MNC Energy (IATA) Terbitkan Obligasi dan Sukuk Wakalah Rp 750 Miliar
JAKARTA, investortrust.id - PT MNC Energy Investments Tbk (IATA) akan menerbitkan Obligasi Berkelanjutan I MNC Energy Investments Tahap I Tahun 2023 sebesar Rp500 miliar.
Obligasi ini merupakan bagian dari program Penawaran Umum Berkelanjutan Obligasi Berkelanjutan I MNC Energy Investments dengan target penghimpunan dana Rp1 triliun.
Selain itu, Perseroan juga akan menerbitkan Sukuk Wakalah Berkelanjutan I MNC Energy Investments Tahap I Tahun 2023 (Sukuk Wakalah) dengan jumlah Rp250 miliar, dalam rangka Penawaran Umum Berkelanjutan Sukuk Wakalah Berkelanjutan I MNC Energy Investments dengan target dana yang dihimpun sebesar Rp500 miliar.
Baca Juga
Manajemen IATA menyampaikan, Obligasi dan Sukuk Wakalah ini tidak dijamin dengan jaminan khusus, berupa benda atau pendapatan atau aktiva lain milik Perseroan dalam bentuk apapun serta tidak dijamin oleh pihak manapun.
“PT KB Valbury Sekuritas dan PT MNC Sekuritas bertindak selaku Penjamin Pelaksana Emisi obligasi dan sukuk tersebut, sedangkan PT Bank Rakyat Indonesia (Persero) Tbk bertindak selaku wali amanat,’’ demikian Manajemen IATA dalam keterangan pers, Jumat (8/9/2023).
Penerbitan dua skema permodalan ini memperoleh hasil pemeringkatan idA- (Single A Minus) dan idA-(sy) (Single A Minus Syariah) dari PT Pemeringkat Efek Indonesia (Pefindo).

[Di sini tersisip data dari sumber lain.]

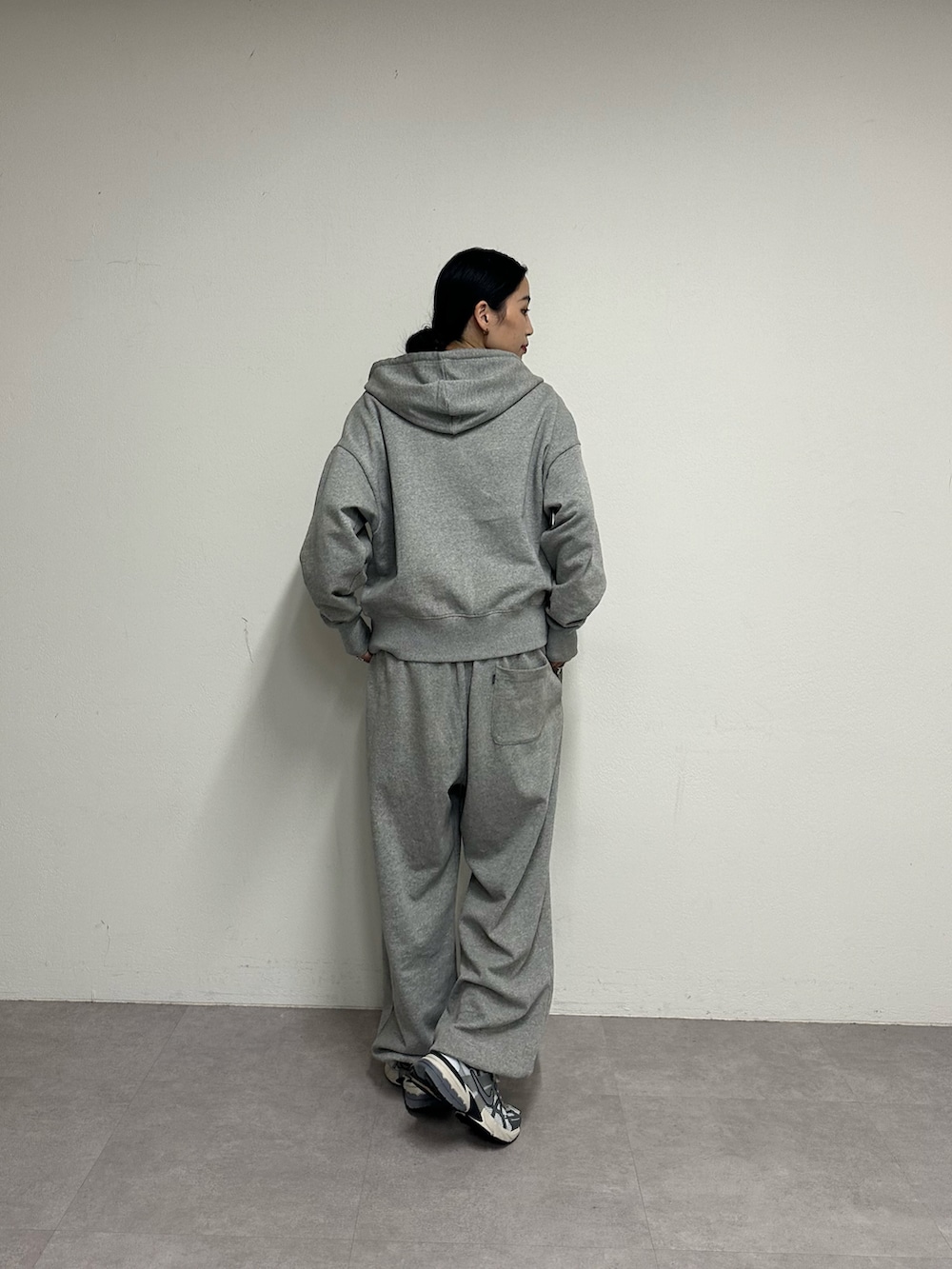 グレー系のスウェットパンツ、グレー系のパーカーを着用したレディースの春コーディネートの3枚目の写真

Dana yang diperoleh dari hasil Obligasi dan Sukuk Wakalah ini setelah dikurangi dengan biaya-biaya emisi terkait, akan digunakan sebagai modal kerja Perseroan untuk melakukan trading batu bara, pembayaran fasilitas pinjaman, serta pemberian pinjaman kepada PT Bhakti Coal Resources (BCR) untuk mempercepat pengembangan usaha entitas anak di sektor pertambangan batu bara.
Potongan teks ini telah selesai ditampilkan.